Brief descriptive captions:
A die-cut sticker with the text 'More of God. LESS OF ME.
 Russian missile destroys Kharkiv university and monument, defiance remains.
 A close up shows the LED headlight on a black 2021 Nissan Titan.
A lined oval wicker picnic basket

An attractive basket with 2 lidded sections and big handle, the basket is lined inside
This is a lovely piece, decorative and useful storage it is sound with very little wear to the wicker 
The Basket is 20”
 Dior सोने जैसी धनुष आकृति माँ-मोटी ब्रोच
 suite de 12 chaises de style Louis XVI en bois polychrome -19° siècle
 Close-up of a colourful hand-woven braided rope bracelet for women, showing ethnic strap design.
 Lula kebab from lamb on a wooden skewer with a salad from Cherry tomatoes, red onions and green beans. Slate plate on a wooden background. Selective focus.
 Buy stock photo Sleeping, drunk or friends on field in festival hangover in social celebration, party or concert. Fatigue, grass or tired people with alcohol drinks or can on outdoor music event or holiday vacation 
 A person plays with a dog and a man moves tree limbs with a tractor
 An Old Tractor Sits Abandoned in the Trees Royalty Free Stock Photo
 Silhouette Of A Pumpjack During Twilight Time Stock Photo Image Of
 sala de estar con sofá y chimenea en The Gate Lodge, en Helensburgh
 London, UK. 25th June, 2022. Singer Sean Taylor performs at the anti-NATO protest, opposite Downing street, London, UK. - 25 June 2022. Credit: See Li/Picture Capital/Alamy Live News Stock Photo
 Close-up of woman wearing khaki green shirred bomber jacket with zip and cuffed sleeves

> HOW TO COMPLETE THIS TASK: Transcribe the data above so that every line matches exactly.

> WRITTEN ANSWER:
A die-cut sticker with the text 'More of God. LESS OF ME.
 Russian missile destroys Kharkiv university and monument, defiance remains.
 A close up shows the LED headlight on a black 2021 Nissan Titan.
A lined oval wicker picnic basket

An attractive basket with 2 lidded sections and big handle, the basket is lined inside
This is a lovely piece, decorative and useful storage it is sound with very little wear to the wicker 
The Basket is 20”
 Dior सोने जैसी धनुष आकृति माँ-मोटी ब्रोच
 suite de 12 chaises de style Louis XVI en bois polychrome -19° siècle
 Close-up of a colourful hand-woven braided rope bracelet for women, showing ethnic strap design.
 Lula kebab from lamb on a wooden skewer with a salad from Cherry tomatoes, red onions and green beans. Slate plate on a wooden background. Selective focus.
 Buy stock photo Sleeping, drunk or friends on field in festival hangover in social celebration, party or concert. Fatigue, grass or tired people with alcohol drinks or can on outdoor music event or holiday vacation 
 A person plays with a dog and a man moves tree limbs with a tractor
 An Old Tractor Sits Abandoned in the Trees Royalty Free Stock Photo
 Silhouette Of A Pumpjack During Twilight Time Stock Photo Image Of
 sala de estar con sofá y chimenea en The Gate Lodge, en Helensburgh
 London, UK. 25th June, 2022. Singer Sean Taylor performs at the anti-NATO protest, opposite Downing street, London, UK. - 25 June 2022. Credit: See Li/Picture Capital/Alamy Live News Stock Photo
 Close-up of woman wearing khaki green shirred bomber jacket with zip and cuffed sleeves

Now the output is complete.